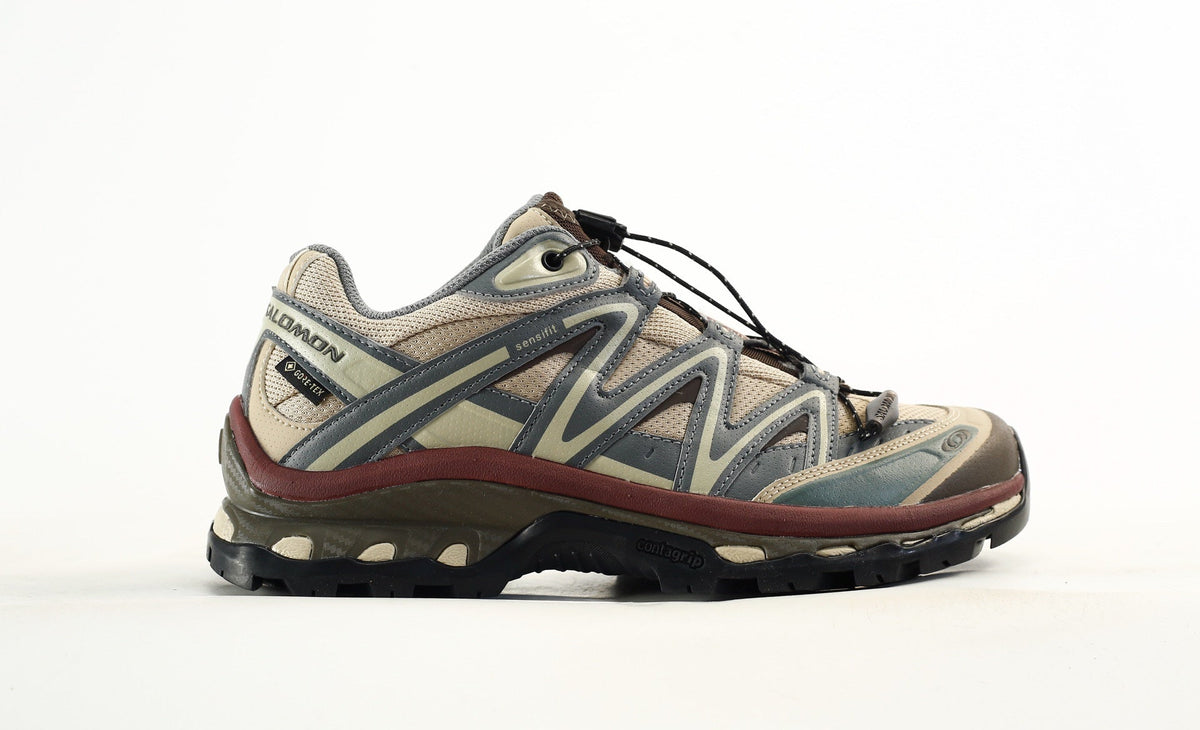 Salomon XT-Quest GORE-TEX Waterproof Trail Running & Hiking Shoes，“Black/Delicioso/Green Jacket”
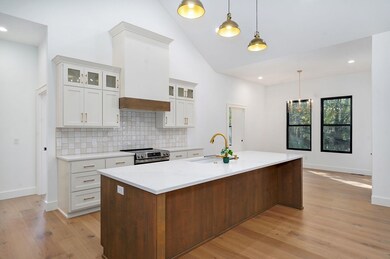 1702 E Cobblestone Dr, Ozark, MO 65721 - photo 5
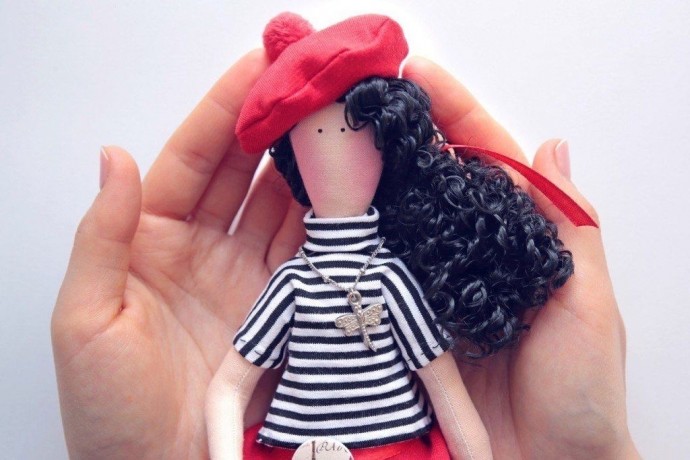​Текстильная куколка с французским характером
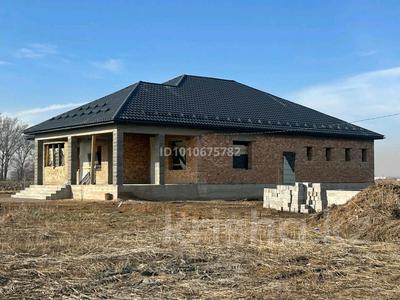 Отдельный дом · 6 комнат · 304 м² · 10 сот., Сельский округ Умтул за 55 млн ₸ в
...
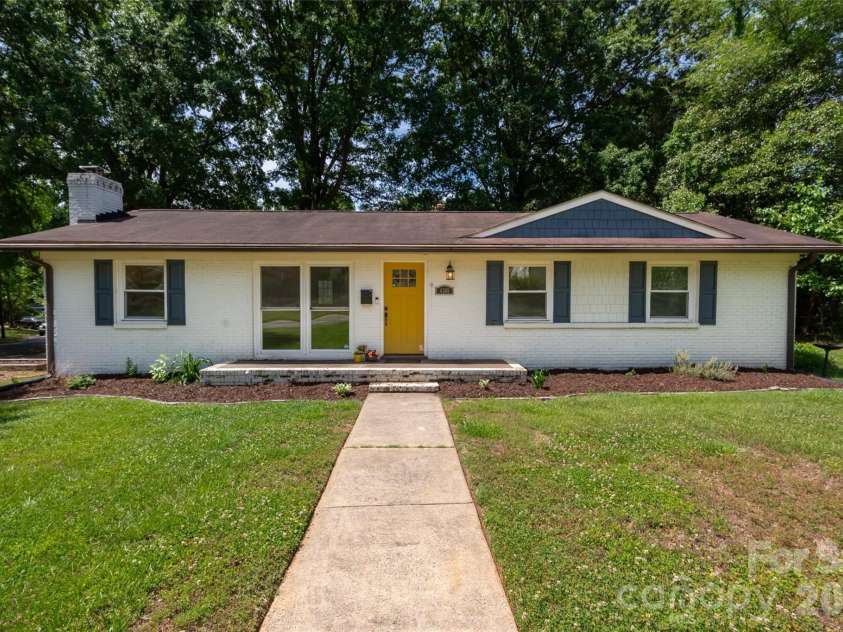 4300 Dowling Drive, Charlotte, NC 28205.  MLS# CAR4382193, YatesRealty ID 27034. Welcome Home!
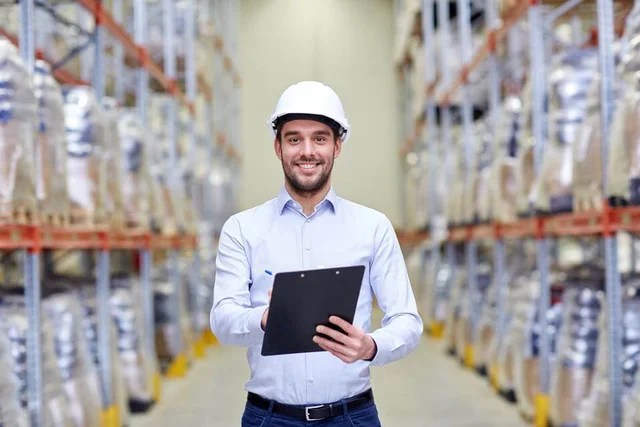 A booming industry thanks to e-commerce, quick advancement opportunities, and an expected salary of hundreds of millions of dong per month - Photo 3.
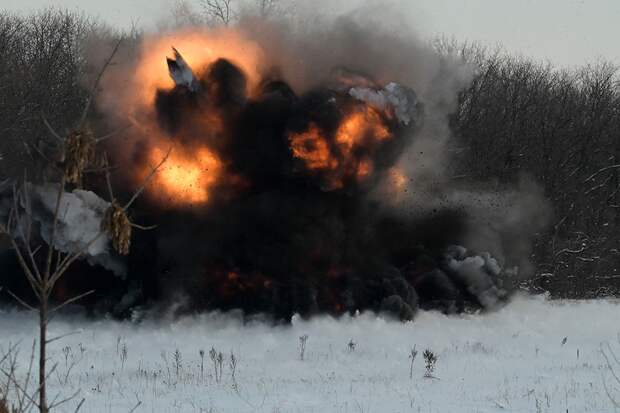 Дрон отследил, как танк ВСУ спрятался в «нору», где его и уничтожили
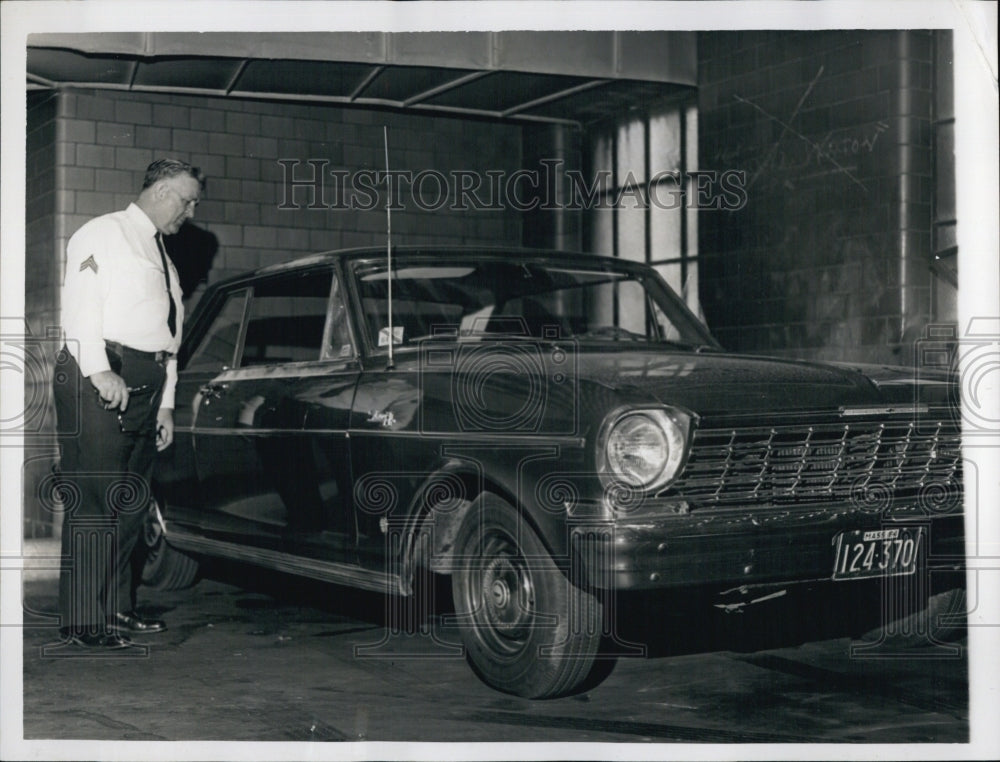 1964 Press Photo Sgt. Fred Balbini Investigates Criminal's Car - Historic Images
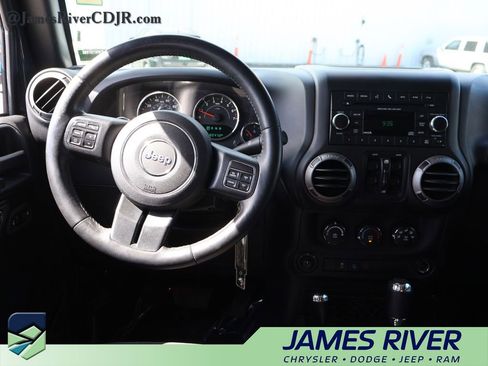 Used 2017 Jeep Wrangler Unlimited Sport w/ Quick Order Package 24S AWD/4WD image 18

→ **What is being asked**
If a picture sits between the line containing "1964 Press Photo" and the line containing "Used 2017 Jeep", leave it out, and return the lines of that range above exactly, both ends included.

→ **Output of the task**
 1964 Press Photo Sgt. Fred Balbini Investigates Criminal's Car - Historic Images
 Used 2017 Jeep Wrangler Unlimited Sport w/ Quick Order Package 24S AWD/4WD image 18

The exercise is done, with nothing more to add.